*** INFORMATION SUPPLIED ***

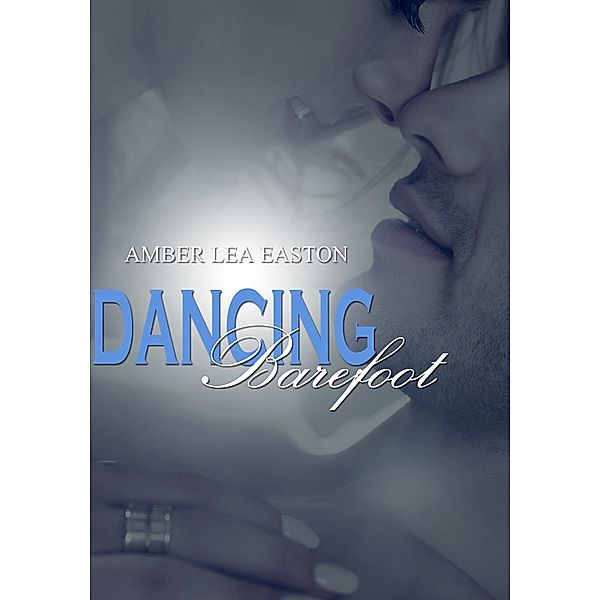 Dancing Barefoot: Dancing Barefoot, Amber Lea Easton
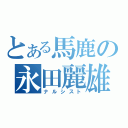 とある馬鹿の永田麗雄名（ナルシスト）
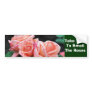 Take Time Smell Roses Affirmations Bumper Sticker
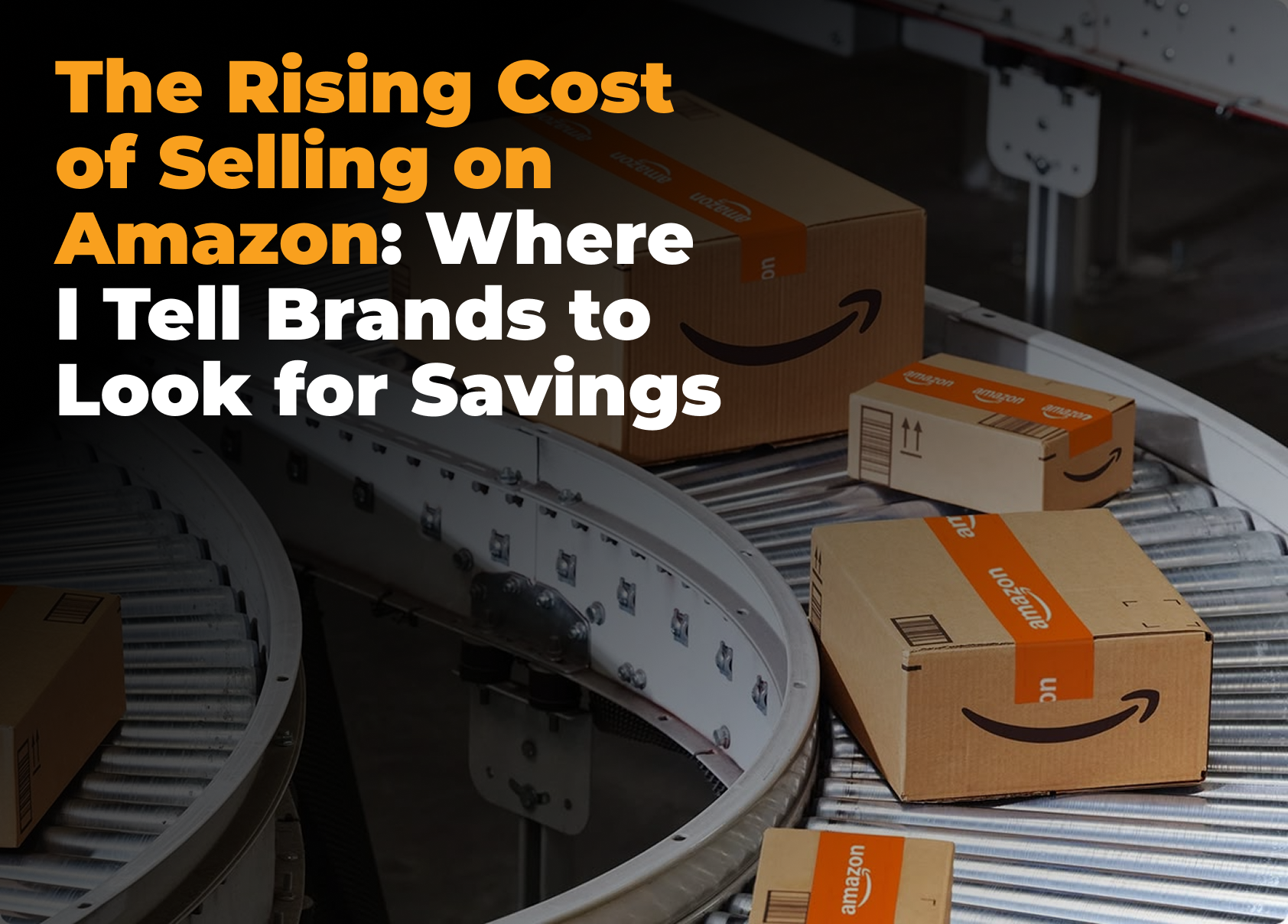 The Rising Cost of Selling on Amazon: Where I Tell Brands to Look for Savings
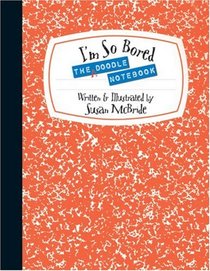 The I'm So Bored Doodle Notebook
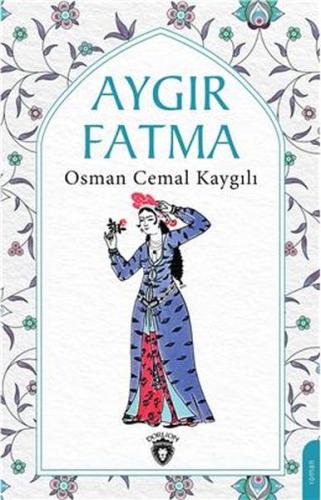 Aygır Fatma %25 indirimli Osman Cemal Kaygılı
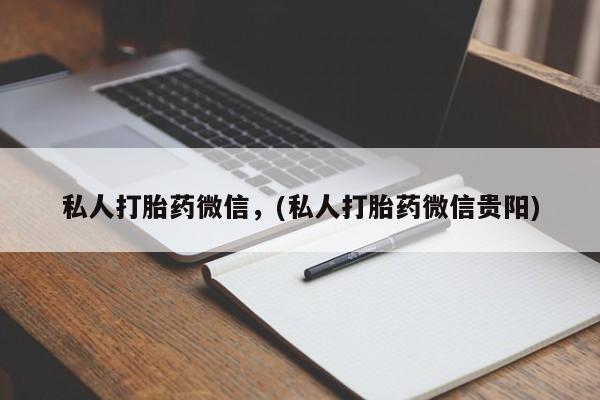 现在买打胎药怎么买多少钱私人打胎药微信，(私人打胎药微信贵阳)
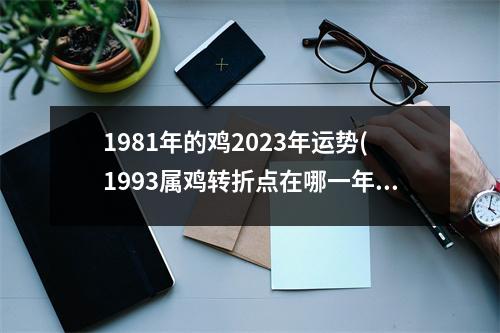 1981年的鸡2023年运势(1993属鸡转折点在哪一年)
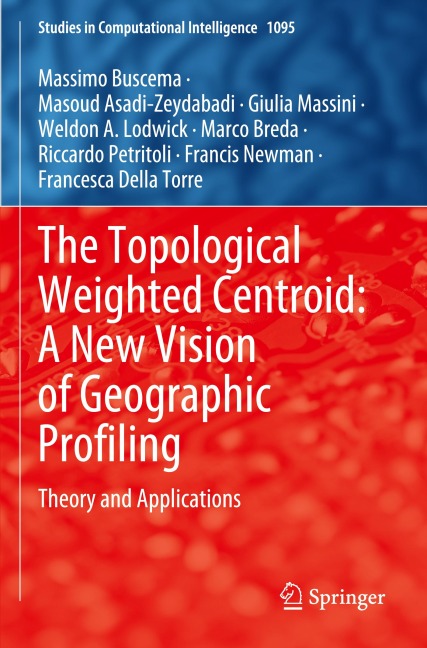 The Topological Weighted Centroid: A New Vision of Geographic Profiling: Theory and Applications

*** End of INFORMATION SUPPLIED ***

> [EXERCISE GOAL] In the records above, find the line containing "1981年的鸡2023年运势(1993属鸡转折点在哪一年)" and restate it and every line after it word for word, all pictures excluded.

> [RESULT OF THIS EXERCISE]
 1981年的鸡2023年运势(1993属鸡转折点在哪一年)
 The Topological Weighted Centroid: A New Vision of Geographic Profiling: Theory and Applications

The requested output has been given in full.